The Republican-controlled U.S. Senate on Tuesday confirmed President Donald Trump's nominee to serve as his administration's top advocate before the U.S. Supreme Court, overcoming united Democratic opposition.
Noel Francisco, a Washington lawyer with strong conservative credentials who previously worked in Republican former President George W. Bush's administration, was confirmed by the Senate as U.S. solicitor general on a vote of 50-47.
All the Senate's Democrats voted against him except for New Jersey's Robert Menendez, who is currently on trial facing corruption charges in Newark.
Francisco takes up his new position as the Supreme Court prepares to begin its new term on Oct. 2. The court has several potential blockbuster cases on its docket, including the challenge to Trump's travel ban on people from six predominantly Muslim countries entering the United States.

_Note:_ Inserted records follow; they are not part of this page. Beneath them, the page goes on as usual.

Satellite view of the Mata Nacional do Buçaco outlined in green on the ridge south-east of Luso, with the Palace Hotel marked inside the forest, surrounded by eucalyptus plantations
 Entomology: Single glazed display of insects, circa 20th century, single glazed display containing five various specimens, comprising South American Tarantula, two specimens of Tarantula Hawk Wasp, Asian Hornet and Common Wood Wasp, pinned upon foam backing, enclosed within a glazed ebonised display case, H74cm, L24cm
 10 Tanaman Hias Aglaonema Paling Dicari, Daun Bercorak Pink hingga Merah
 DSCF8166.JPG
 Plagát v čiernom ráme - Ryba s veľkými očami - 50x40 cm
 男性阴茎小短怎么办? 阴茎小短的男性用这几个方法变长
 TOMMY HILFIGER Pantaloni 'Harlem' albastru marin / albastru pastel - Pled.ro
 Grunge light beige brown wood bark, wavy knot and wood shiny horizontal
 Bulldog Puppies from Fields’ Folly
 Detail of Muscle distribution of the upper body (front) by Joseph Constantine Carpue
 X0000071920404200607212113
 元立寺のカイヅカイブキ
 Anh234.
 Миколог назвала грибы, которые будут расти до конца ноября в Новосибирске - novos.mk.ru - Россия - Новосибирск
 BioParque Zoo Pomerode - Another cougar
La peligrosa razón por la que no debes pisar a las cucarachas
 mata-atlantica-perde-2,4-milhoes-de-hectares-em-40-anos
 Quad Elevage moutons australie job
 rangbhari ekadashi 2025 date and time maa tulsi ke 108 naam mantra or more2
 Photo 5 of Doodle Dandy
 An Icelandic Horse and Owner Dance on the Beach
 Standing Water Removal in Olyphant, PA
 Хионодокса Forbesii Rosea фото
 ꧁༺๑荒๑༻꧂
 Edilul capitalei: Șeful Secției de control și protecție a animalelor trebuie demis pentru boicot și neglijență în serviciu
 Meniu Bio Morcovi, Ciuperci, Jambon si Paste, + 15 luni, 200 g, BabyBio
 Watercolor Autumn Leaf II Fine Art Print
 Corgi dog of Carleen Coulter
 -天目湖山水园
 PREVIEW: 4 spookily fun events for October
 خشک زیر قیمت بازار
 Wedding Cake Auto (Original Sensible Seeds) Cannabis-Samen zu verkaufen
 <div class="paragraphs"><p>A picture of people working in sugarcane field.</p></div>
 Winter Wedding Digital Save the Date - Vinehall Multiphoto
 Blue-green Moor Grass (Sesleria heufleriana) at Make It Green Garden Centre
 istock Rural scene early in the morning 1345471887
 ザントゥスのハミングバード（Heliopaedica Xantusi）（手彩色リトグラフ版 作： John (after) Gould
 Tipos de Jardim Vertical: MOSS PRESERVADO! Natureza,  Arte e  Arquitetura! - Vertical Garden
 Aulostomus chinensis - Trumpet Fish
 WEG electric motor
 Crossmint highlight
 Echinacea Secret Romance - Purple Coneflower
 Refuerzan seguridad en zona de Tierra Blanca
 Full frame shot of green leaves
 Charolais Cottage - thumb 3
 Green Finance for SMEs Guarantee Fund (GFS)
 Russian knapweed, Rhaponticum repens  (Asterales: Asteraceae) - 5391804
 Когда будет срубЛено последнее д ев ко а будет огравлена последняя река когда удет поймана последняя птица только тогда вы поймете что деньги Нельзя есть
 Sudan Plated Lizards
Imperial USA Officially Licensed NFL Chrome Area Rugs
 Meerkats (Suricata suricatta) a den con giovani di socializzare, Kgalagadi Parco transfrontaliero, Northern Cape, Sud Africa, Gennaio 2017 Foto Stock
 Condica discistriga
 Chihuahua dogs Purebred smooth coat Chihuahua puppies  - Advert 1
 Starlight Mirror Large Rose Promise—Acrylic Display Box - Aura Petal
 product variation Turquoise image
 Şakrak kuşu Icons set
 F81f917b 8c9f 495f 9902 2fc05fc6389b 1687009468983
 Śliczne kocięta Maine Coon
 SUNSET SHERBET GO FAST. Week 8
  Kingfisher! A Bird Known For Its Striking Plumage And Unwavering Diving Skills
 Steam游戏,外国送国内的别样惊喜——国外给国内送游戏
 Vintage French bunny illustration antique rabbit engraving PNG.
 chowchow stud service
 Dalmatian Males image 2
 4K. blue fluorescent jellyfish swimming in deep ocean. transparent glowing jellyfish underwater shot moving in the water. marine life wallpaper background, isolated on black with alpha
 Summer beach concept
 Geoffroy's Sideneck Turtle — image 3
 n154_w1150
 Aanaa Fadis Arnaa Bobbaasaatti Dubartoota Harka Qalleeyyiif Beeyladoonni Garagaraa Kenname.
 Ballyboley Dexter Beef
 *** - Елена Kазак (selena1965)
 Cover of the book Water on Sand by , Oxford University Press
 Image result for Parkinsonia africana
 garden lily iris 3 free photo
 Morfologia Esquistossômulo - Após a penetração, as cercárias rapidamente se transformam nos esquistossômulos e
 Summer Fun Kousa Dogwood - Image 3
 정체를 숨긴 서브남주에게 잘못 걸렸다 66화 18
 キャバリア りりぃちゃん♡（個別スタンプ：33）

That case will be argued before the justices on Oct. 10.
Francisco, who previously worked at the Jones Day law firm, will now be overseeing the Justice Department's defense of the ban and other major policy initiatives that are challenged in court.
He has argued three cases at the Supreme Court. Most recently, he represented Republican former Virginia Governor Robert McDonnell in a successful attempt to throw out corruption convictions. The justices ruled in favor of McDonnell last year in an 8-0 ruling that could make it tougher to prosecute politicians for corruption.
Francisco served as a White House lawyer from 2001 to 2003 and spent another two years in the Justice Department's Office of Legal Counsel from 2003 to 2005. He previously worked as a clerk for the late Supreme Court conservative Justice Antonin Scalia.